(DATASET EXCERPT)
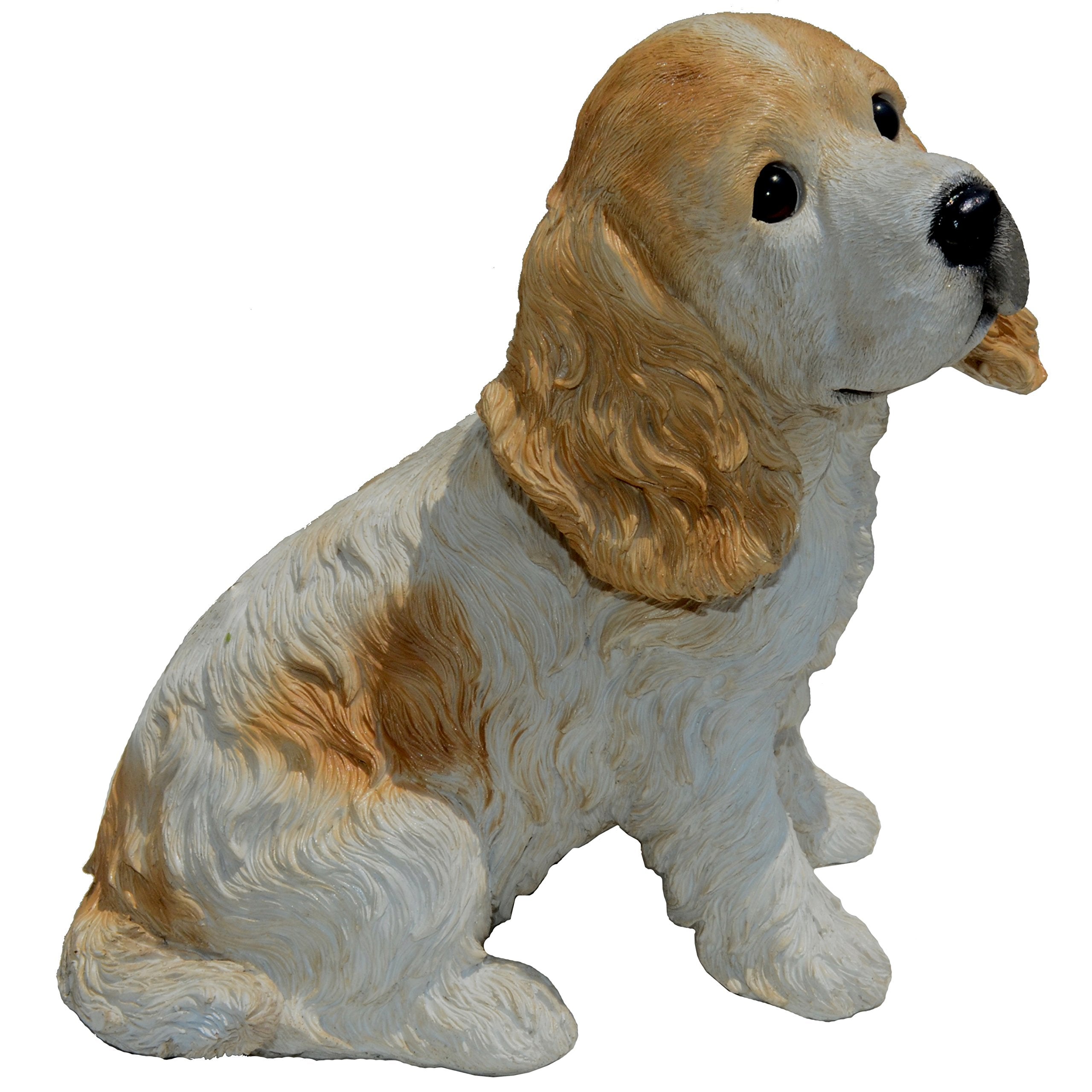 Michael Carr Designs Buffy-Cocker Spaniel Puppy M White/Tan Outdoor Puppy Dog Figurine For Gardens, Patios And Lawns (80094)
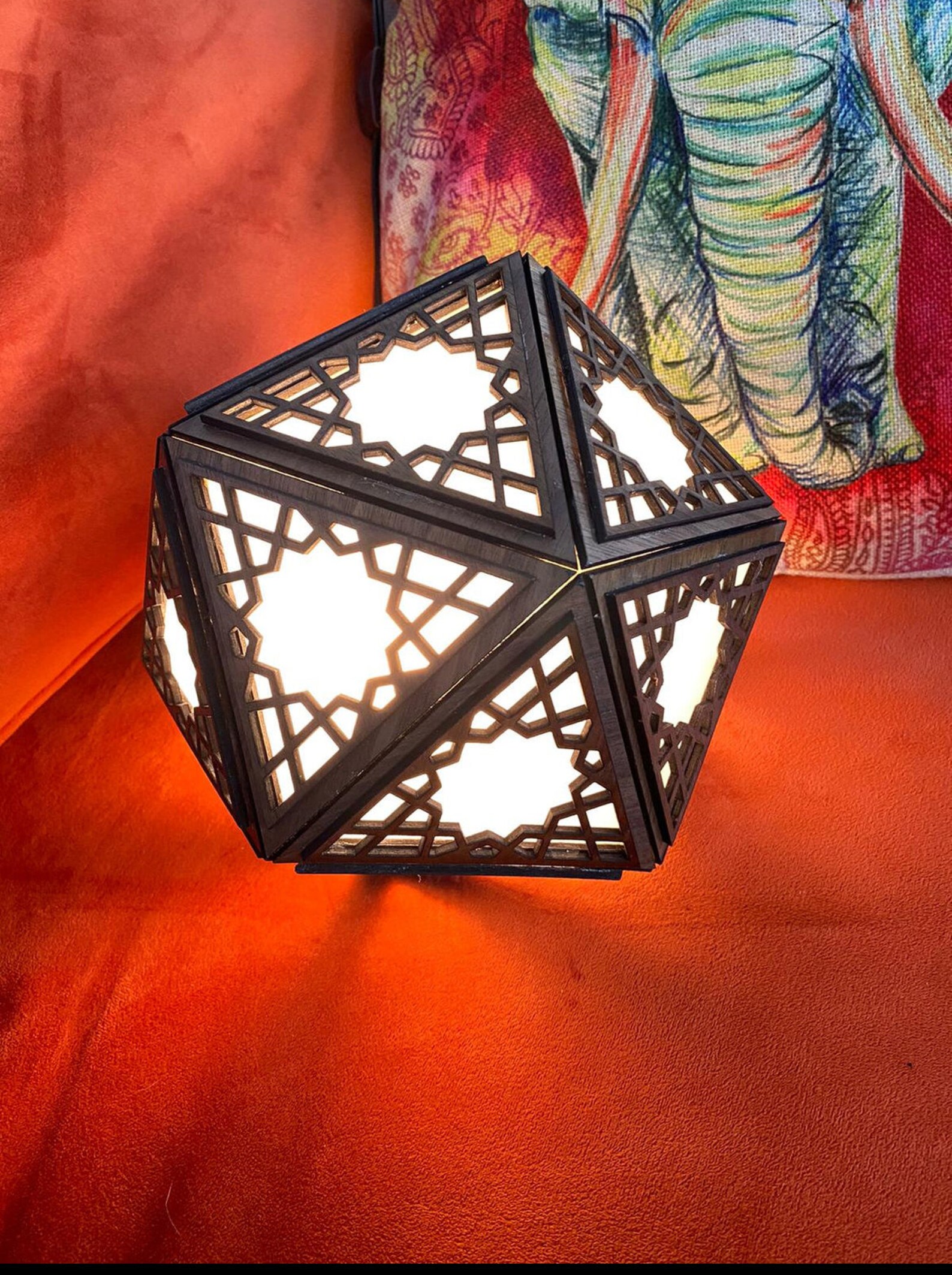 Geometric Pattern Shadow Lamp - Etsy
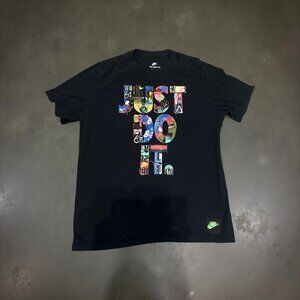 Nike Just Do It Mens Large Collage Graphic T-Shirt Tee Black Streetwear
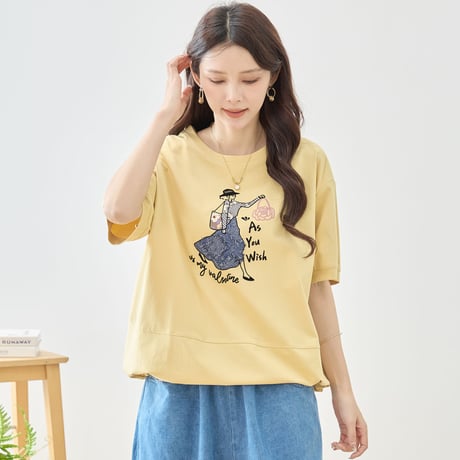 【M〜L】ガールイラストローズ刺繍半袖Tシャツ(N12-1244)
(End DATASET EXCERPT)
◆ AIM OF THE EXERCISE: Strip the images and return the remaining data exactly.

◆ WRITTEN RESPONSE:
 Michael Carr Designs Buffy-Cocker Spaniel Puppy M White/Tan Outdoor Puppy Dog Figurine For Gardens, Patios And Lawns (80094)
 Geometric Pattern Shadow Lamp - Etsy
 Nike Just Do It Mens Large Collage Graphic T-Shirt Tee Black Streetwear
 【M〜L】ガールイラストローズ刺繍半袖Tシャツ(N12-1244)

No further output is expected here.